- 有料閲覧
- 文献概要
月日が過ぎるのはなんと早いことか.東京都立大学をリタイアし縁あって杜の都の仙台青葉学院大学に着任してすでに3年が経とうとしている.1980年に理学療法士として長野県鹿教湯病院で臨床業務を開始した筆者は,初めて担当した重度半側空間無視症例の理学療法に難渋し無力感に苛まれ,先輩の教えを請い文献を読みまくり何とか過ごしてきた.1982年に聖マリアンナ医科大学病院の三好邦達先生(当時,整形外科主任教授・リハビリテーション部長)の指導のもと大学病院での目まぐるしい勤務に就いた.1993年に筑波大学の修士課程を修了した筆者の指導教員であった福屋靖子先生から声をかけていただき,「理学療法ジャーナル」誌(以下,本誌)の編集委員となった.ご存じのように1967年から22年にわたって刊行された「理学療法と作業療法」誌を受け継いで発刊された本誌は日本を代表するジャーナルであり,筆者のような若輩が上田敏先生,奈良勲先生をはじめとする綺羅星のごとき編集委員会の一員になることは大変光栄なことであった.筆者の一番思い出深い企画は,気鋭の女性理学療法士に執筆をお願いした連載「甃のうへ」で,これは三好達治の詩から転用したものであり,そのなかの「をみなごしめやかに語らひあゆみ(中略)わが身の影をあゆまする甃のうへ」に着想を得たものである.この孤高を感じさせる美しい詩の振る舞いにふさわしい活躍をされている女性理学療法士にフォーカスしようとしたものであり,好評を博したと聞いている.さらに大学病院での(自分の)臨床疑問を解き明かすことを目標に,「特集記事」,「解説」などの執筆者に託して企画編集を毎回やっとの思いで担当し30年が過ぎた.

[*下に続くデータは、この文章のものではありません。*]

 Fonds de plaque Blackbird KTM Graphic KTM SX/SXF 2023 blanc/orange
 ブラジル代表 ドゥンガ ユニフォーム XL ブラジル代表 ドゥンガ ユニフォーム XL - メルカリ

Time of Wonderは福音館書店から発刊されている『すばらしいとき』という絵本の原題である.早春から夏の終わりまでを小さな島で過ごすみずみずしい喜びが描かれた誌的表現が美しい絵本で,読まれた方も多いと思う.幼かった子どもたちのために購入したが,『三匹のやぎのがらがらどん』のほうがお気に入りだったため親(筆者)がずっと大切にしてきた.Wonderを「すばらしい」と翻訳するセンスのよさ,何かに関心を抱いて不思議に思うことができることこそがすばらしいのだと,大人になってようやくわかる.